# .BAT file to add printer



## p0ng0 (Sep 15, 2007)

Hi all,

*not sure this is the correct section, so if not, please feel free to relocate me*

I want to create a bat file to add a printer... problem is, the printer is an OKI which isn't usually with Windows Updates, so we have to manually inject the driver halfway through adding it.

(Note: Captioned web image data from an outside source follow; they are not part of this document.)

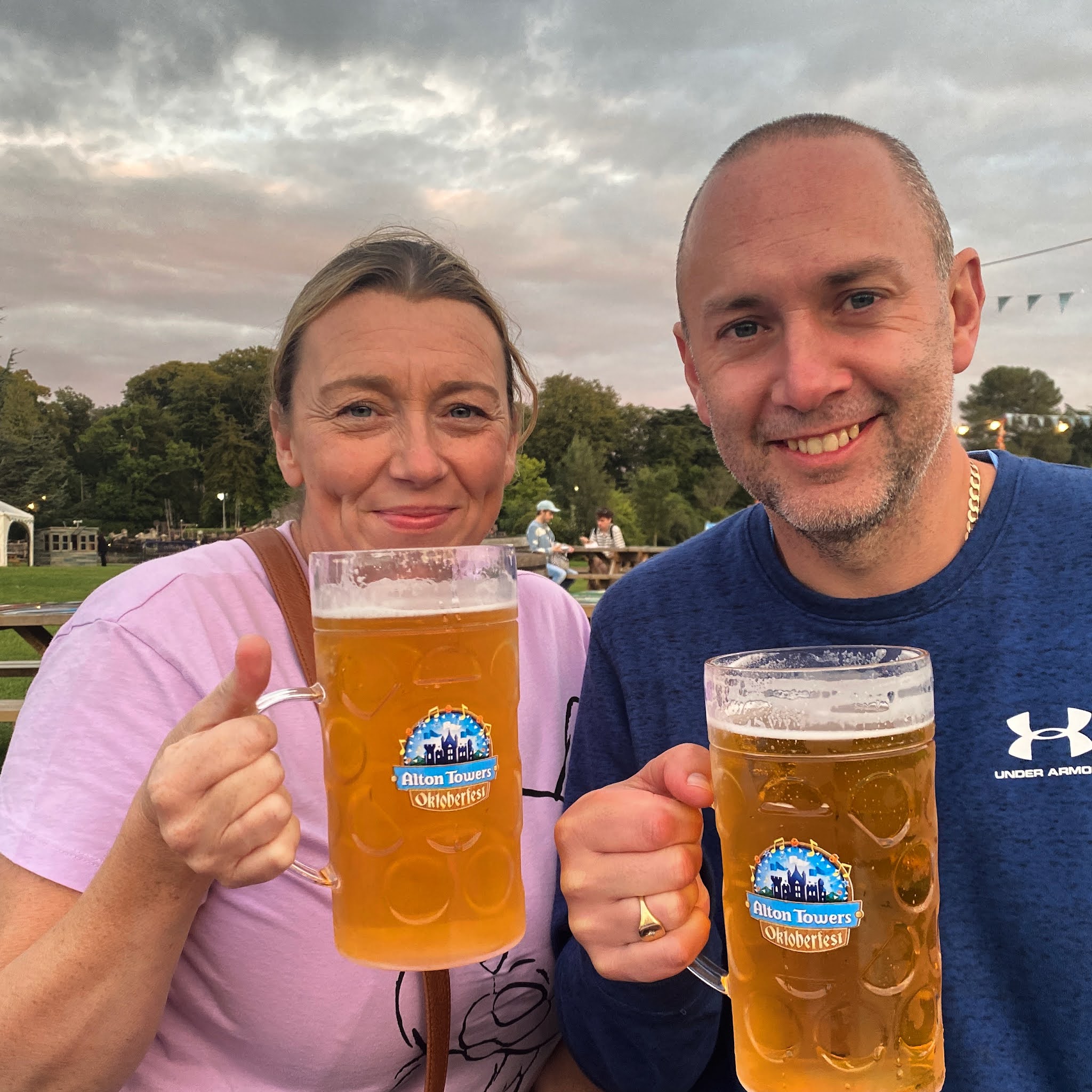 man and woman having a stein of lager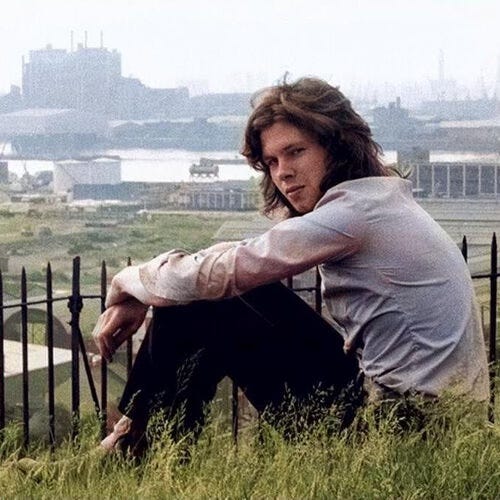 Nick Drake sitting. Behind him a bleak landscape.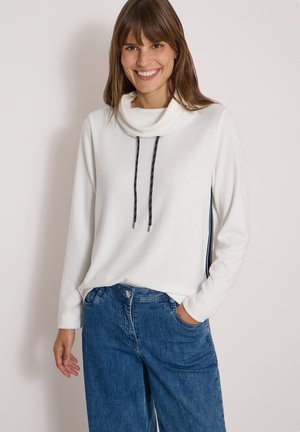 Jeune femme souriante portant un haut blanc à manches longues avec col cheminée, cordons noirs et jean denim bleu, debout devant un fond uni.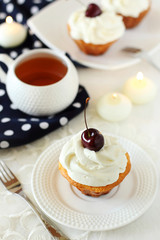 cupcakes with whipped cream and cherry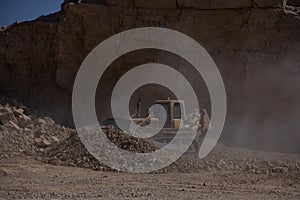 Quarry Mining movers excavators working on breaking the rocks
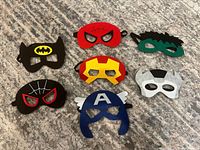 Front view of all seven masks on carpet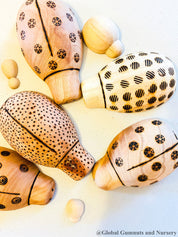 Handmade wooden ladybugs, perfect for decorating, learning, or bug-themed crafts.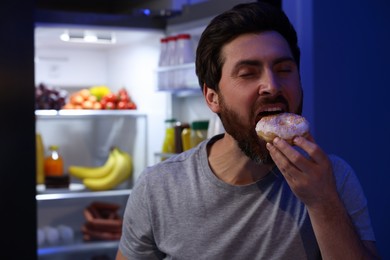 Man eating donut near refrigerator in kitchen at night, space for text. Bad habit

The drivers are stored on a share, so wondered if it was possible for anyone to help me with some commands in adding this?

Thanks!


----------



## Squashman (Apr 4, 2003)

Might want to do that with a vbscript. 
http://www.activexperts.com/activmonitor/windowsmanagement/scripts/printing/printserver/


----------



## Rockn (Jul 29, 2001)

I agree with the VB Script solution and it works great.


----------



## Squashman (Apr 4, 2003)

Just stumbled upon this. Didn't even know they existed. Found reference to them on Technet. They are all located in the system directory.
prncnfg.vbs
prndrvr.vbs
prnjobs.vbs
prnmngr.vbs
prnport.vbs
prnqctl.vbs
http://technet.microsoft.com/en-us/library/cc754632(WS.10).aspx


----------



## p0ng0 (Sep 15, 2007)

thx ill check those out!


----------